Mediolan

715 56 104
                                    

Po dwunastu długich godzinach, cała ósemka dotarła do Mediolanu. Wyszli z lotniska, większość i tak niewyspana. Jeongin zasnął na ramieniu Chana zaraz po wylocie, budząc się co jakiś czas. Felix i Hyunjin większość drogi przegadali, podobnie jak Minho i Jisung, a Seungmin i Changbin spali po dwie godziny.

— Dlaczego nie wynajmiemy taksówki?— Han jęknął cierpiętniczo, ciągnąc za sobą trzy walizki.— Bolą mnie nogi!

— Ja i Minho sprowadziliśmy tutaj swoje auta, tylko nie wiem, gdzie jest parking — Chan szukał odpowiedniej lokalizacji w telefonie.

Po kolejnych piętnastu minutach, udało się odnaleźć odpowiednią drogę. Minho i Chan mieli dwa, czarne jeepy, co ułatwiało sprawę z bagażami.

— Dobra, kto z kim jedzie?— Bang założył na nos okulary przeciwsłoneczne.— Ja biorę Jeongina, to na pewno.

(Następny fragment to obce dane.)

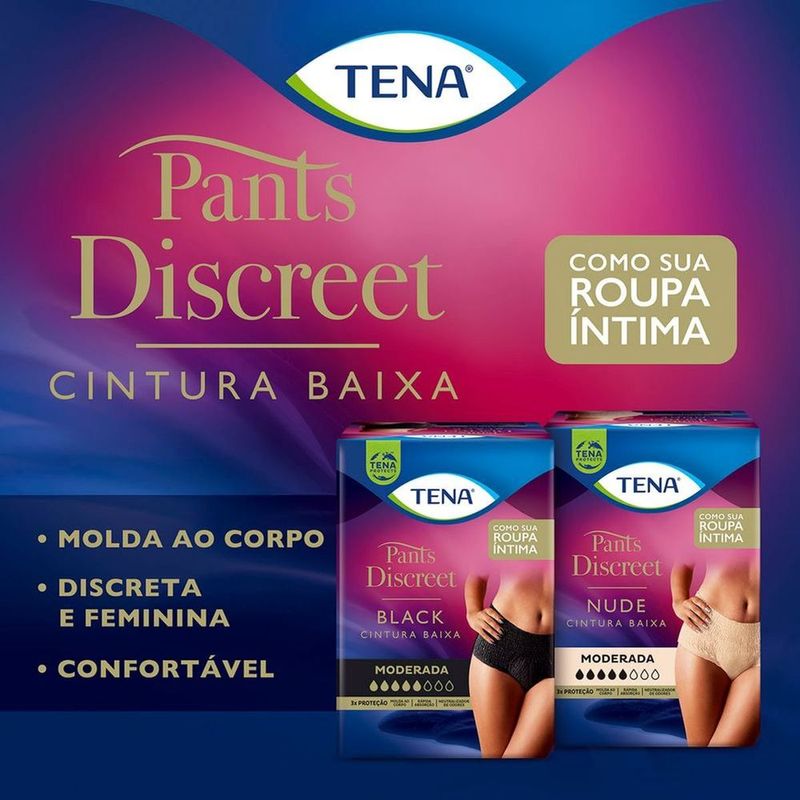 Roupa Íntima Feminina Always Discreet Boutique Máxima Proteção P/M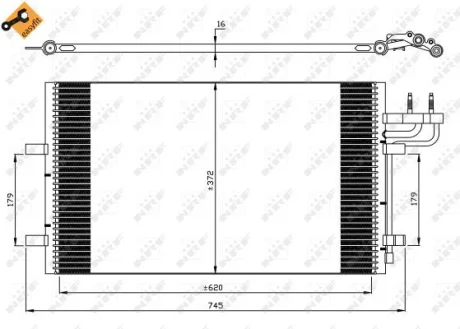 Радиатор кондиционера Ford Focus 03-12 - Радиатор кондиционера Ford Focus 03-12. NRF 35551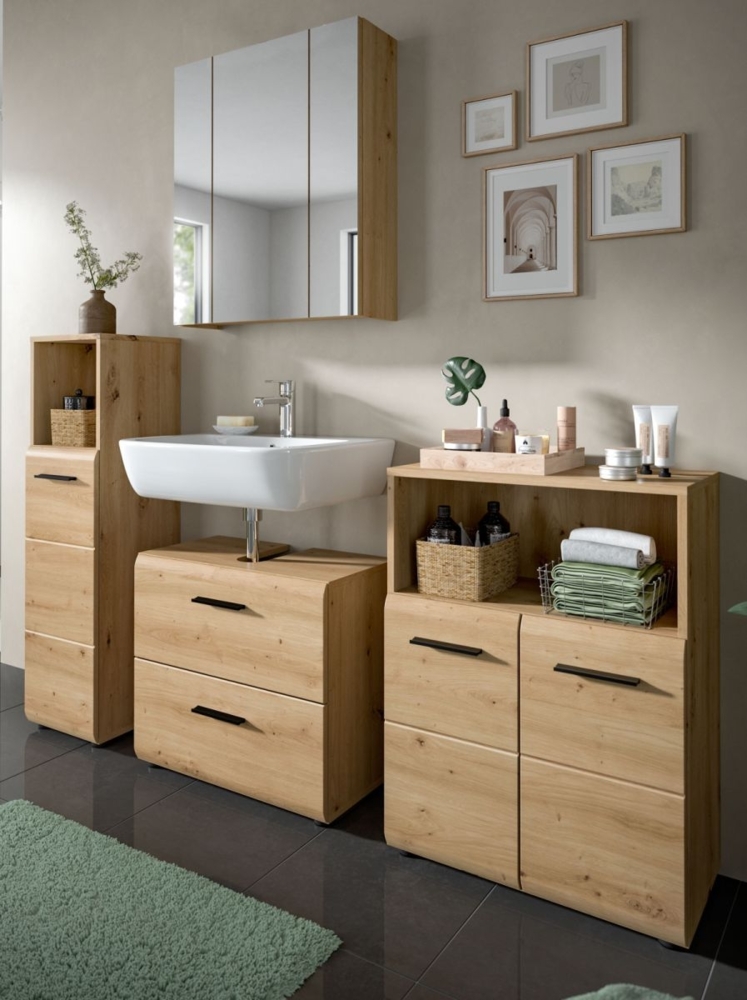 Badmöbel Set Cover in Eiche 4-teilig 180 cm Bild 1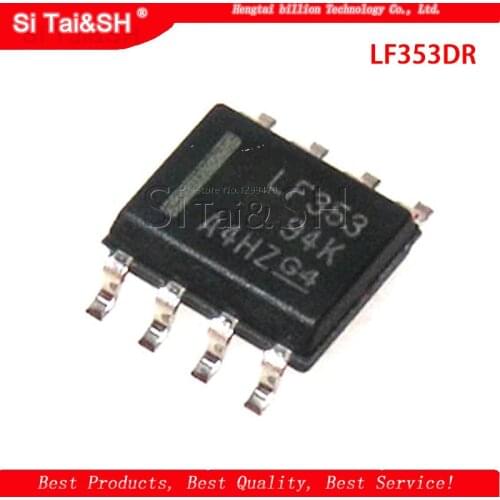 10pcs/lot LF353DR LF353 SOP-8 JFET-INPUT DUAL OPERATIONAL AMPLIFIER IC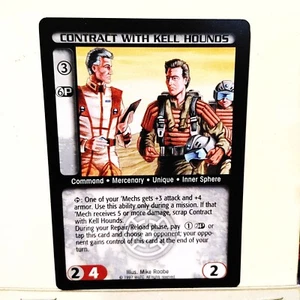 BATTLETECH CCG -- COUNTERSTRIKE --- CONTRACT WITH KELL HOUNDS --- NM / MINT - Picture 1 of 1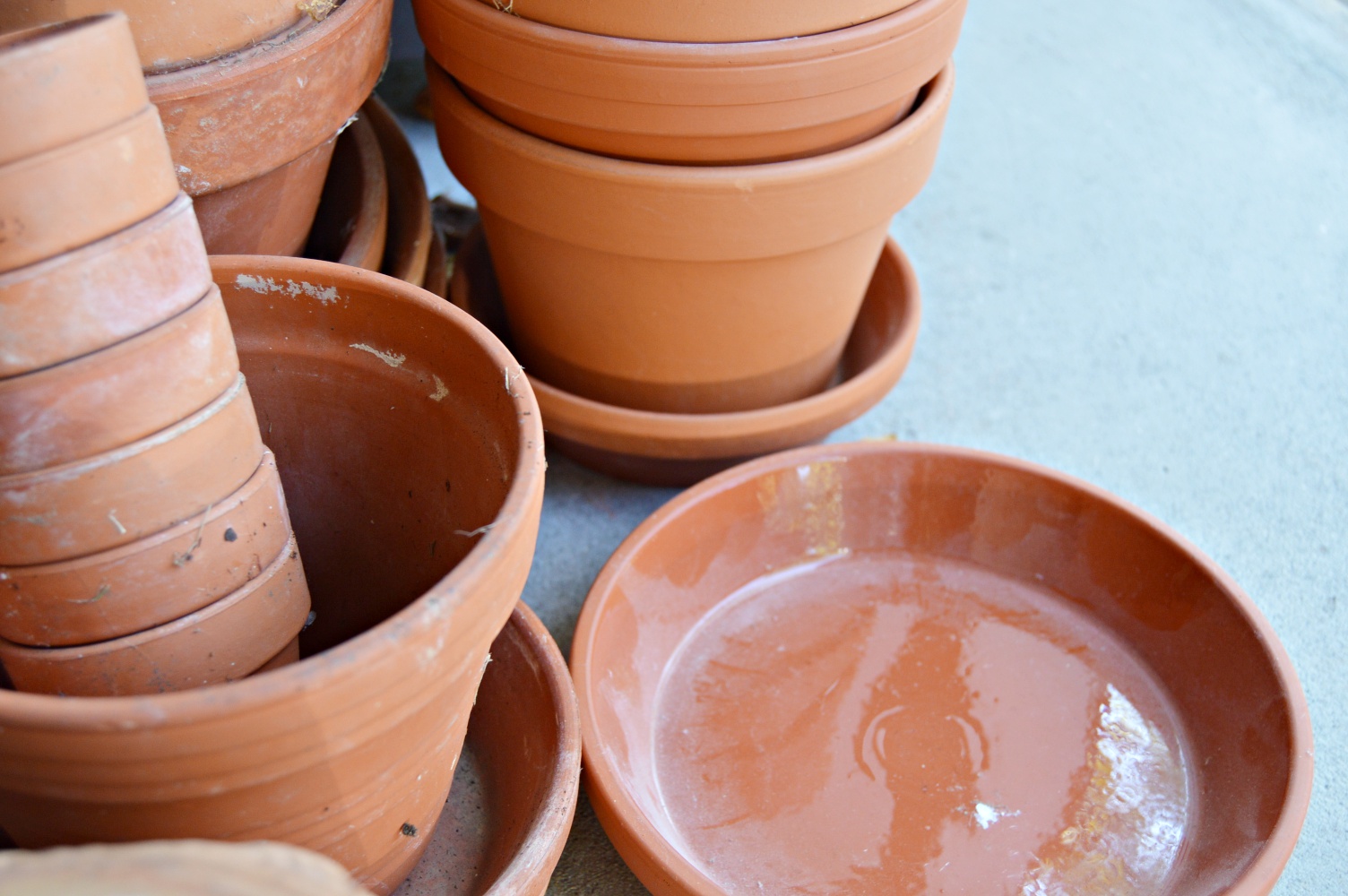 Gardening Pots with Italian, 1940s Dish Planters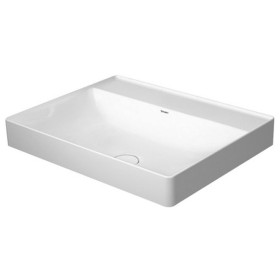 Lavabo à poser Duravit DuraSquare sans trou de robinet 60 x 47 cm
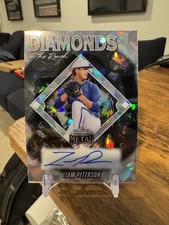 2025 Leaf Metal Baseball Liam Peterson Prospect Auto RC #/25🔥📈
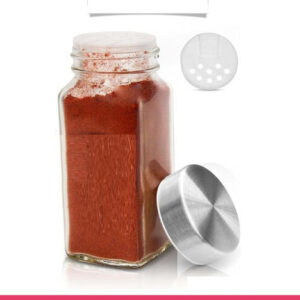 120ml Salt & Pepper Glass Spices Jars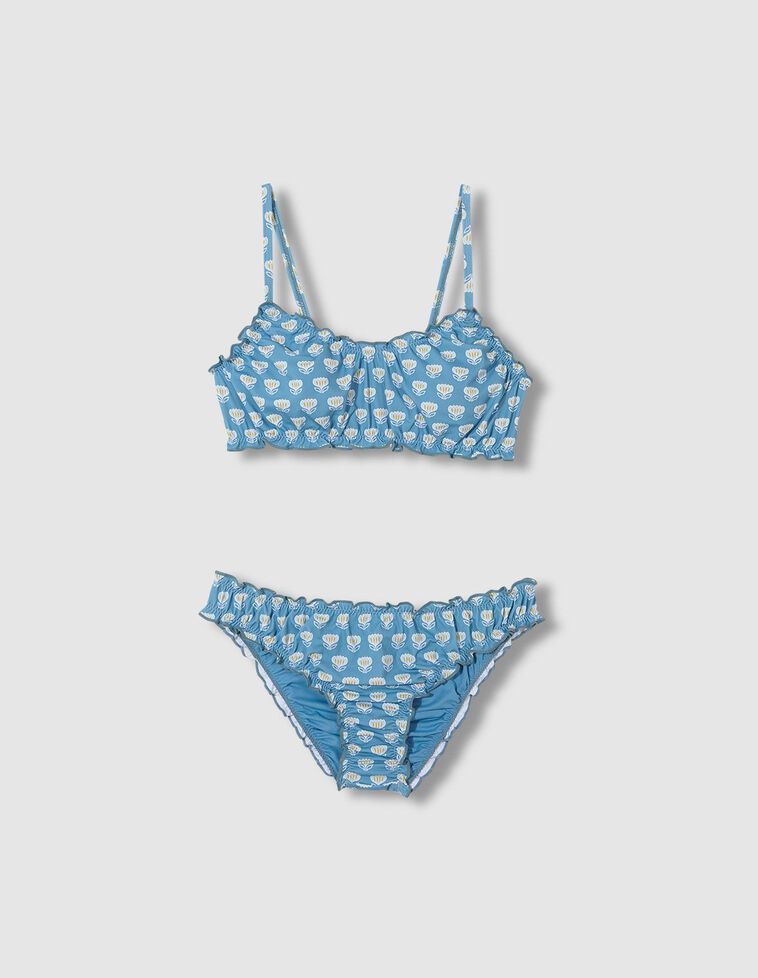 Bikini estampado flor india 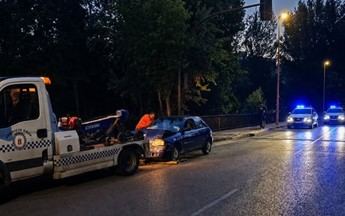 Accidente en la calle Esculturo Jamete de Cuenca deja un herido tras colisión entre vehículos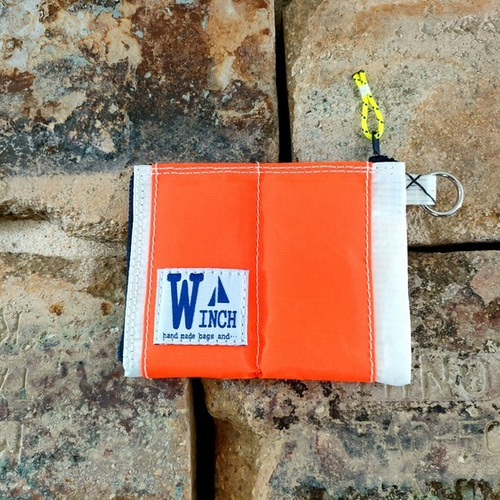 ハンドメイド
CORAL&TUSK　アップリケポケット付き巾着　
　Bear 沈まない財布【W-445】セイルバッグ ヨット ハンドメイドバッグ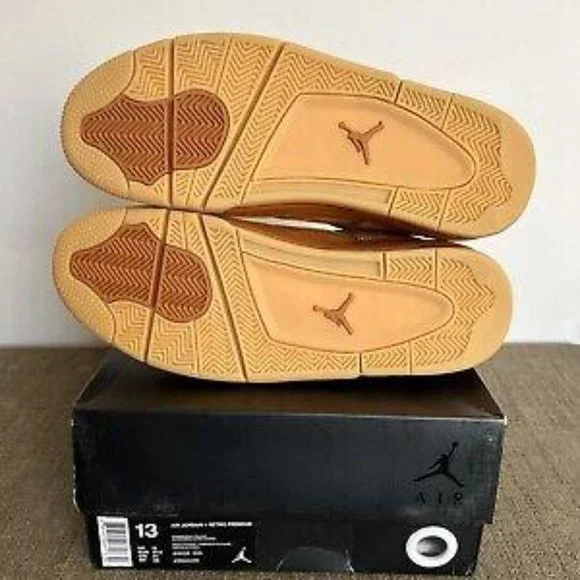 UK 12 US 13 Nike Air Jordan 4 Retro Premium GingerWheatGum Sneakers Trainers
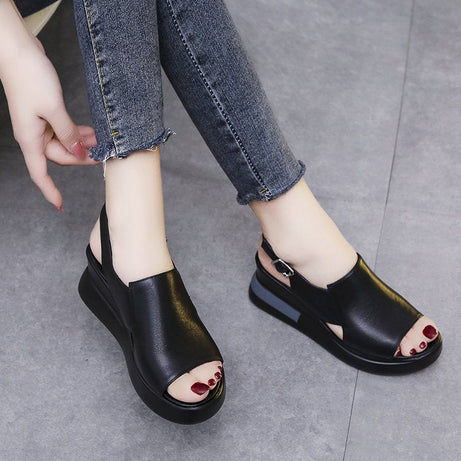 Sandales en mode rétro Roman pour Femmes - Romany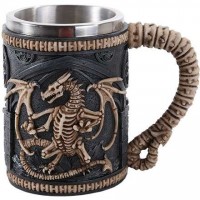 Skeleton Dragon Drinking Mug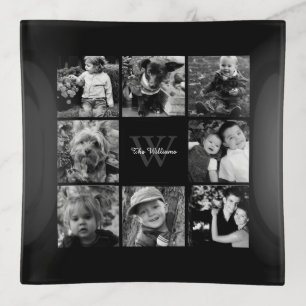Family Photo Collage Trinket Tray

— Spoko, ja i Seungmin z tobą — oznajmił Changbin, od razu ruszając w stronę znajomego już samochodu.

— No to jazda — Minho machnął ręką na swój wóz, biorąc swoje walizki.— Han, do nogi.

Z małymi problemami, ale w końcu udało im się wszystko zapakować. Minho usiadł za kierownicą, obok niego Jisung, a z tyłu rozłożyli się Felix i Hyunjin. Chan również prowadził, rozmawiając z siedzącym obok Changbina. Jeongin i Seungmin siedzieli cicho z tyłu.

— Dzisiaj już nie będziemy zwiedzać — powiedział w połowie drogi Bang, wchodząc w zakręt. Rozejrzał się, czytając znaki na drodze.— Jedziemy prosto do hotelu, żeby odespać.

— Będę musiał pójść do sklepu z biżuterią — oznajmił Seungmin, ze zmęczenia kiwając się na boki.

— Z biżuterią? Przecież ty nie nosisz — Seo popatrzył na młodszego w lusterku.

— Moja siostra ma za tydzień urodziny, chciałem jej coś kupić — odparł, opierając głowę o zagłówek. W dłoniach nadal trzymał koc Changbina.

— A, to spoko — mruknął w odpowiedzi Changbin, patrząc na przednią szybę.

Minęło kilka minut w ciszy, po których Bang odwrócił się na moment do tyłu i uśmiechnął się, gdy zauważył, że Jeongin i Seungmin zasnęli oparci o siebie.

— Ej — tknął łokciem ramię Seo.— Będziesz miał tu sporo czasu, żeby pobyć z Kimem.

— Pracuję z nim, mam go na co dzień — prychnął cicho młodszy, opierając się o szybę samochodu.

— Miałem raczej na myśli, że się z nim umówisz — Bang spojrzał ukradkiem na Seo. Changbin zmarszczył brwi.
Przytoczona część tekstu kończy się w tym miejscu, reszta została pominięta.